Critics point to Walmart as an example of that dynamic. Last fall, the company said it was cutting 7,000 jobs, eliminating thousands of higher-paid back-office employees who make as much as $15 an hour, or 60 percent more than the typical sales associate, according to Quartz. 

Retail stores are getting the blues 01:10

In its latest hiring plan, Walmart said it will add 10,000 retail jobs. The company didn’t immediately return a request for comment about what those jobs will pay or what types of roles they’d represent. The typical Walmart sales associate with two children earns little enough to qualify for government assistance, such as food stamps, Medicaid and home energy assistance, Making Change at Walmart said.

Such low-wage jobs cost state and federal governments $153 billion in annual costs, largely due to government aid programs that keep them from dire poverty, the University of California Berkeley Labor Center found in a 2015 report. 

“It’s not like they are suddenly hiring a lot more higher wage people,” said Olivia LaVecchia, a researcher at the Institute for Local Self-Reliance, a non-profit focused on local economies, about Amazon’s hiring binge. “It underlines just how fast they are growing, and that’s bad news for U.S. workers.”

Amazon said its domestic workforce has grown from 30,000 in 2011 to more than 180,000 by the end of 2016, largely stemming from the company’s expansion of its warehouse fulfillment centers.  Many of Amazon’s warehouse workers are temporary, which allows the company to pay lower wages and provide fewer benefits, ILSR found. 

“Our review of about 50 job postings for temporary work at Amazon warehouses indicates that Amazon’s temp positions pay about $0.50 to $1.00 less per hour than its direct hires make,” the report noted. 
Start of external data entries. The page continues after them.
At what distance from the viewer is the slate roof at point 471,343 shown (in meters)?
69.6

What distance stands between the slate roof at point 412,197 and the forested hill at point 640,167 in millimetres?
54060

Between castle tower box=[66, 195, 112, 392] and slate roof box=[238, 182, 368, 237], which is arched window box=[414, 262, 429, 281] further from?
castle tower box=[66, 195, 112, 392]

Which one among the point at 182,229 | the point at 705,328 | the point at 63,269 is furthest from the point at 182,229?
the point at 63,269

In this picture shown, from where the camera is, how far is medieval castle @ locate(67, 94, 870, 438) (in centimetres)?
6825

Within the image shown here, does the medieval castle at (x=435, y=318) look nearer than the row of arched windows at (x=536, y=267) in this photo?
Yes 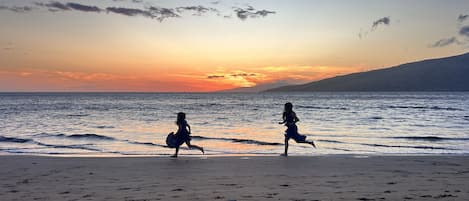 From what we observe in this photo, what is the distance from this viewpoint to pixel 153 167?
11773mm

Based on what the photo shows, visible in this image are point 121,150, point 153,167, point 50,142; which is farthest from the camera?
point 50,142

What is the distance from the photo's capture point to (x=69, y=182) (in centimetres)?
938

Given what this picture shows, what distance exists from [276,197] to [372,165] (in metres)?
5.25

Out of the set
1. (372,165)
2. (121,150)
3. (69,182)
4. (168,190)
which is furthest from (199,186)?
(121,150)

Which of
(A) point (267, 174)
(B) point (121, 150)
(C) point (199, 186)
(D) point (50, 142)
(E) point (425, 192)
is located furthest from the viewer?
(D) point (50, 142)

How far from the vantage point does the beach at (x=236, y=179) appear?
311 inches

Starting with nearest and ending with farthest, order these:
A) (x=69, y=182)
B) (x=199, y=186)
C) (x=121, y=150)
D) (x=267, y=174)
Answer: (x=199, y=186), (x=69, y=182), (x=267, y=174), (x=121, y=150)

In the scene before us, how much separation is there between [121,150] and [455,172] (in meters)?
12.6

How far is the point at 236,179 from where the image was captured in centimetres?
962

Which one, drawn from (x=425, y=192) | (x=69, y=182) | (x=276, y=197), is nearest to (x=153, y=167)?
(x=69, y=182)

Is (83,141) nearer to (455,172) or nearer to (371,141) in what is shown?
(371,141)

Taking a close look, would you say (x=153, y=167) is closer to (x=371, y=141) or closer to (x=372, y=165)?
(x=372, y=165)

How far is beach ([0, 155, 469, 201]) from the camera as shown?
311 inches

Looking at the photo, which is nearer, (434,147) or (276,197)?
(276,197) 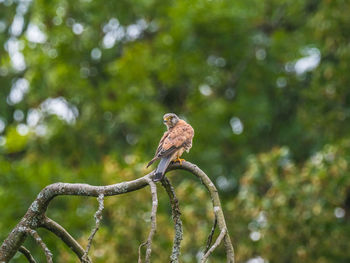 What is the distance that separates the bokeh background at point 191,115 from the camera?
1075 centimetres

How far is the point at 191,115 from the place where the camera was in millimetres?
15281

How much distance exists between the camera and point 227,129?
Answer: 51.6ft

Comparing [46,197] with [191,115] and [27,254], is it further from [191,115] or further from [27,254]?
[191,115]

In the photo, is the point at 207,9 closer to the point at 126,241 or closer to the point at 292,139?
the point at 292,139

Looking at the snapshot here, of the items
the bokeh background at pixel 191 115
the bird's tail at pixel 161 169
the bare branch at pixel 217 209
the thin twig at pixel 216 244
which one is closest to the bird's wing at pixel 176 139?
the bird's tail at pixel 161 169

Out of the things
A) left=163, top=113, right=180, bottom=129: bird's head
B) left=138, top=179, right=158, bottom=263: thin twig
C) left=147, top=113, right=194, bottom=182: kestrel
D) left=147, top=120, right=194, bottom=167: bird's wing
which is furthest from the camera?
left=163, top=113, right=180, bottom=129: bird's head

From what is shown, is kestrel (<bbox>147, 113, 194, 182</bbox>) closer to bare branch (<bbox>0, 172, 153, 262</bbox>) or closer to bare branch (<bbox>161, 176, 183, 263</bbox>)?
bare branch (<bbox>161, 176, 183, 263</bbox>)

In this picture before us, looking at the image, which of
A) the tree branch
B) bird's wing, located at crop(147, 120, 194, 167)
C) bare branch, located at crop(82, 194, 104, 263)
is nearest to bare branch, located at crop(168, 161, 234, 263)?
the tree branch

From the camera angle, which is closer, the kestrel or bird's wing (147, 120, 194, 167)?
the kestrel

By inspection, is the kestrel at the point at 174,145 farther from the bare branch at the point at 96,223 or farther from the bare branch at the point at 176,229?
the bare branch at the point at 96,223

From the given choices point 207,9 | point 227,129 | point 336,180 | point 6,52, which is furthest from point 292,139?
point 6,52

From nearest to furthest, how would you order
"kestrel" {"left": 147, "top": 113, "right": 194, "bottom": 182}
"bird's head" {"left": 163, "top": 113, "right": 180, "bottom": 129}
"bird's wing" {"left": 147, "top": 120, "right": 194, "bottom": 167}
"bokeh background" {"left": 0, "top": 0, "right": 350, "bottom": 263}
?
"kestrel" {"left": 147, "top": 113, "right": 194, "bottom": 182} < "bird's wing" {"left": 147, "top": 120, "right": 194, "bottom": 167} < "bird's head" {"left": 163, "top": 113, "right": 180, "bottom": 129} < "bokeh background" {"left": 0, "top": 0, "right": 350, "bottom": 263}

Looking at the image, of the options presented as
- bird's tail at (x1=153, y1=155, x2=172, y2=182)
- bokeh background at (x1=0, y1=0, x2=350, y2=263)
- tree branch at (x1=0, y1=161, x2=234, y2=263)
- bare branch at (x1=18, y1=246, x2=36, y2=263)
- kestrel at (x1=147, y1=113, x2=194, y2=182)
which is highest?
bokeh background at (x1=0, y1=0, x2=350, y2=263)

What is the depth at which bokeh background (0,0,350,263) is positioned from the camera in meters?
10.8
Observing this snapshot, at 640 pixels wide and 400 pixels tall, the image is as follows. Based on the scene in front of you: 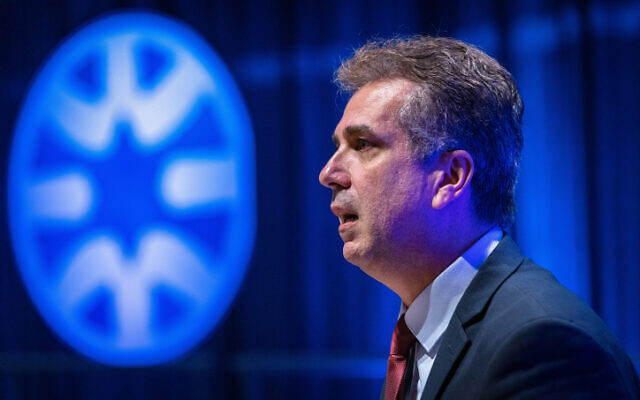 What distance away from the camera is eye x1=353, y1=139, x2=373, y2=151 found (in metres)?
1.29

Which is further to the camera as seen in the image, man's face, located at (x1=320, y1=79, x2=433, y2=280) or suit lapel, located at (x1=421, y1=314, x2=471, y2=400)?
man's face, located at (x1=320, y1=79, x2=433, y2=280)

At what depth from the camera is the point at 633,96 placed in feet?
8.97

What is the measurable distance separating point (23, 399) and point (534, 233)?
278 centimetres

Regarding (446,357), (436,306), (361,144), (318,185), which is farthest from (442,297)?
(318,185)

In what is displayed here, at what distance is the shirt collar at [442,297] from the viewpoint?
3.89 ft

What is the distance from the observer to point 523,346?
923 millimetres

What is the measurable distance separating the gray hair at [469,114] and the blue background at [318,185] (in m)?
1.61

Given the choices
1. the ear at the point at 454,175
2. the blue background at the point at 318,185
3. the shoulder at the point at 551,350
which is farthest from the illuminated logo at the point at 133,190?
the shoulder at the point at 551,350

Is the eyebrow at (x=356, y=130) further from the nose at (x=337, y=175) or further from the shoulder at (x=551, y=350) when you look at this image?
the shoulder at (x=551, y=350)

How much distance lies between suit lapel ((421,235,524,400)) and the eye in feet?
1.08

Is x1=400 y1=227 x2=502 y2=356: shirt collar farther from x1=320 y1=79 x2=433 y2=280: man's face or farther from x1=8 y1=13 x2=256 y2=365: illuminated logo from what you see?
x1=8 y1=13 x2=256 y2=365: illuminated logo

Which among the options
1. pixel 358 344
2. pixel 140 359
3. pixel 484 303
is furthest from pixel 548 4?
pixel 140 359

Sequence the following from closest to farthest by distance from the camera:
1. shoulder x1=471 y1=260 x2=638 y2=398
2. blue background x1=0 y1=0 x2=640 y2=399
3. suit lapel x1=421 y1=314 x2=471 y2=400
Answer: shoulder x1=471 y1=260 x2=638 y2=398
suit lapel x1=421 y1=314 x2=471 y2=400
blue background x1=0 y1=0 x2=640 y2=399

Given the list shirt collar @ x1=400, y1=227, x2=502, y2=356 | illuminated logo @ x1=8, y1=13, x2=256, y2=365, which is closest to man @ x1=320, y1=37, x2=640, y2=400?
shirt collar @ x1=400, y1=227, x2=502, y2=356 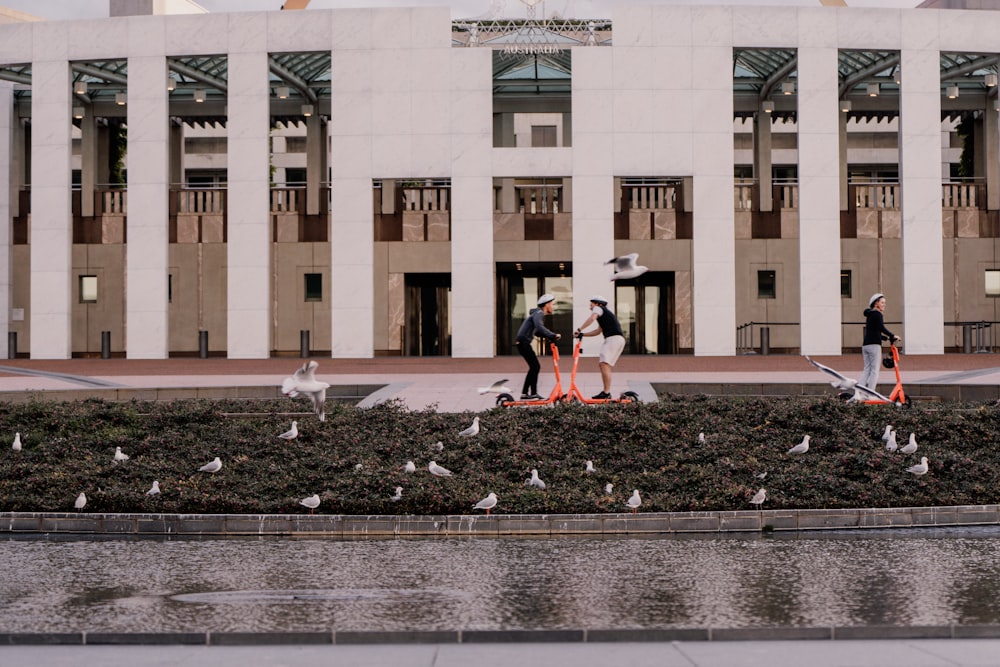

While Amazon is adding jobs, retailers such as Macy’s (M) and Sears are slashing staff and closing stores, partly due to increased competition from the online retailing giant, LaVecchia points out. “Amazon is destroying more jobs than it creates,” she said. “It employs fewer people than other companies for the same amount of sales.” 

An Amazon spokeswoman said the 100,000 jobs the company expects to add over the next 18 months will consist of full-time positions and will include health, retirement and other benefits. The jobs represent opportunities from “across the country for people with all types of experience, education and skill levels -- from engineers and software developers to those seeking entry-level positions and on-the-job training,” she said by email, while declining to offer details on compensation.

Amazon has also benefited from tens of millions in economic subsidies from states and municipalities, according to Good Jobs First, a nonpartisan center focusing on economic development. Critics question whether those benefits are trickling down to rank-and-file workers.

“Does this mean that they will stop cutting our hours from 40 to 35 a week like they have been doing since August?” one woman wrote on a blog post from Walmart’s CEO Doug McMillion about the future of retail. “I sure hope so. When you lose $200-$300 a month from management cutting hours for 5 or 6 months that hurts! The only thing left that I can cut from my budget is food.”